Admittedly, living in that tension between the Gospel and the world around us can be exhausting. And we need regular respite and rest. We go on vacations to get away from it all. (And speaking personally, I’m very grateful for my recent trip to Greece.) Sometimes, we turn to books or to movies or to music to escape the tension of daily life. And, of course, we turn to the church as a place of refuge, as well we should. But with such refuges comes temptation. We are tempted to hide ourselves in our refuge, wherever it may be, and to stay there. We imagine how nice it would be to stay on that Greek island and never come back, or how we might just read and read and read and never have to deal with the messiness of real life. And with the ready advent of MP3 players and streaming video, we have constant access to soothing music and entertaining films to anesthetize and numb us.
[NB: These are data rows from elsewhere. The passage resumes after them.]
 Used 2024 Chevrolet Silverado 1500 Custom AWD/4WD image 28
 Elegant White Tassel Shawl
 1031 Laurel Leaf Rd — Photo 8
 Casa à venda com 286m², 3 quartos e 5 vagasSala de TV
But we are not meant to be permanently numb; we are meant to be out and about in the world doing God’s business. Jesus reminds us in his high-priestly prayer that, just as the Father sent him into the world, so he is sending his disciples. This world of fallen and sinful humanity is where we have been sent to serve. It is the locus of our mission. The world desperately needs to hear the message of Jesus Christ, so that it can cease to be the “world” and instead become the Kingdom.
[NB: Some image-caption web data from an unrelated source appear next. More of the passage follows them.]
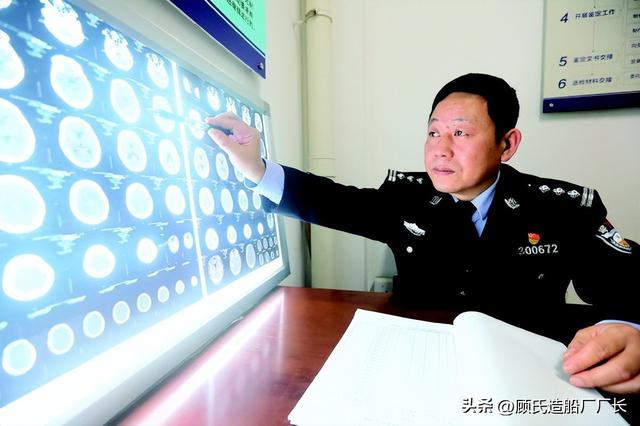 秦玉林法医经解剖发现,尸体的内脏已经呈部分自溶状态,胃内有米粉等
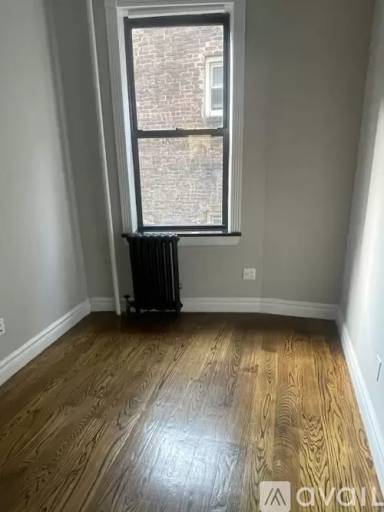 Main picture of E 35th St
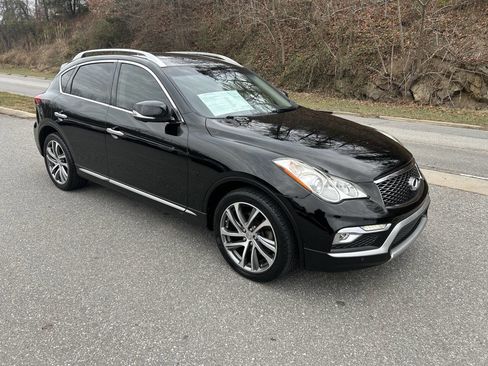 Used 2017 INFINITI QX50 AWD w/ Premium Plus Package image 8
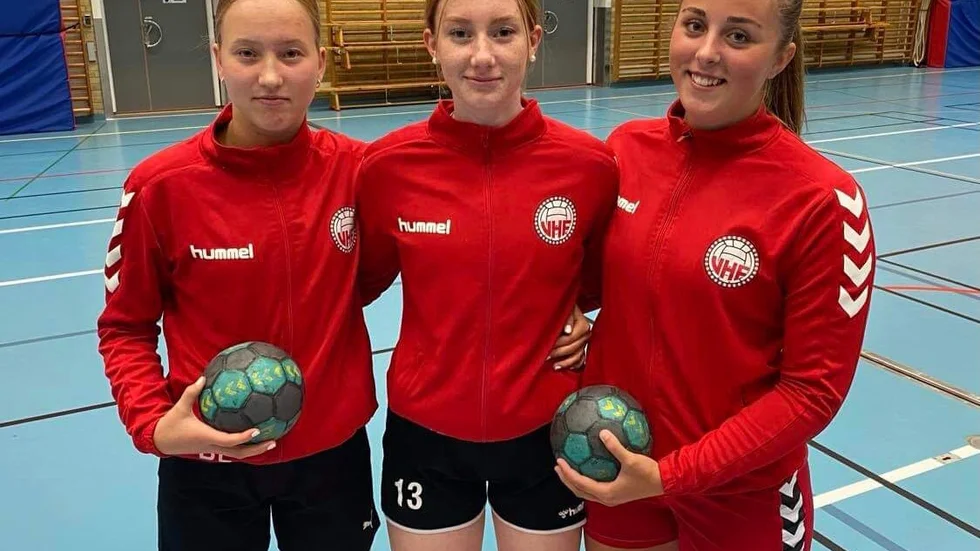 Vadstena HF:s 16-åringar Britta Lundstedt, Nellie Parmbäck och Nora Ekdahl spelar alla med östgötalaget i helgen. Träningsmatcher i Västerås väntar.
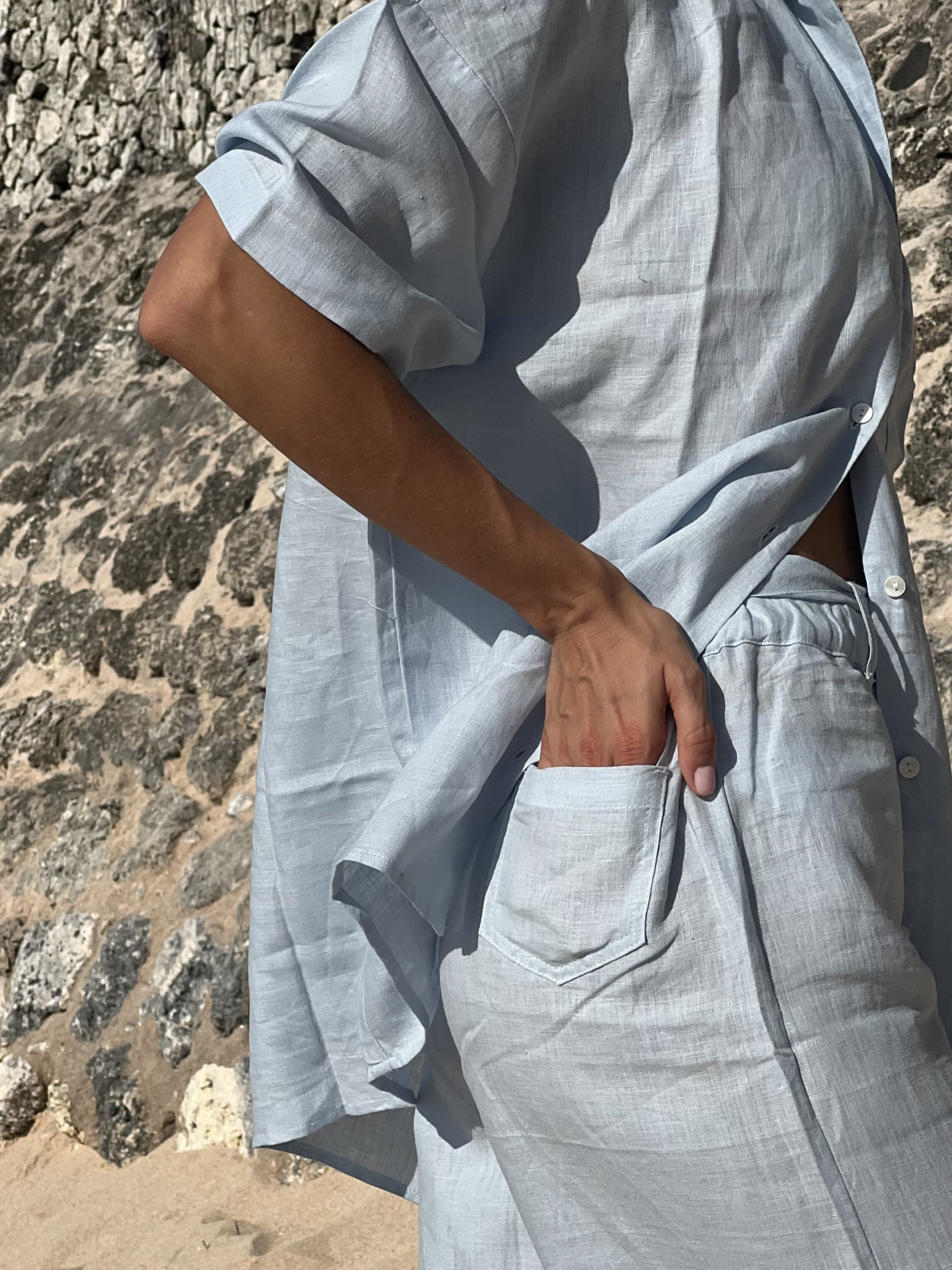 Boyfriend Linen Shirt in Baby Blue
This mission to bring Good News to a world that does not always receive the message, or welcome the messenger, can be daunting. It can be terrifying! (I can only imagine what prison ministry must be like.) But we are not without means. And we are not on our own. Jesus prays that his disciples may be sanctified in the Truth, that same Truth which is the Incarnate Word, Jesus himself. He declares that he has revealed God’s Name to his disciples; in other words, he has manifested to them the true nature of the Divine. And he prays that his apostles to the world may be protected from the Evil One, who would tempt them to retreat and hide themselves in their refuges forever.

Communion bread and wine

Communion bread and wine

We too are sent into the world with a mission. We too know the true nature of God. And that nature is Love. So come to the Holy Table for refreshment, then take a deep breath and go back into the world and proclaim God’s love to the hurting, and hurtful, people you encounter each and every day of your life. Go into the world, in the assurance that you belong to God. Go, in the sure and certain knowledge that our Ascended Lord continues to pray to the Father on your behalf. Go, knowing that you were sanctified in the Truth at your baptism and that your consecration as a priestly people has been renewed at this very Eucharist.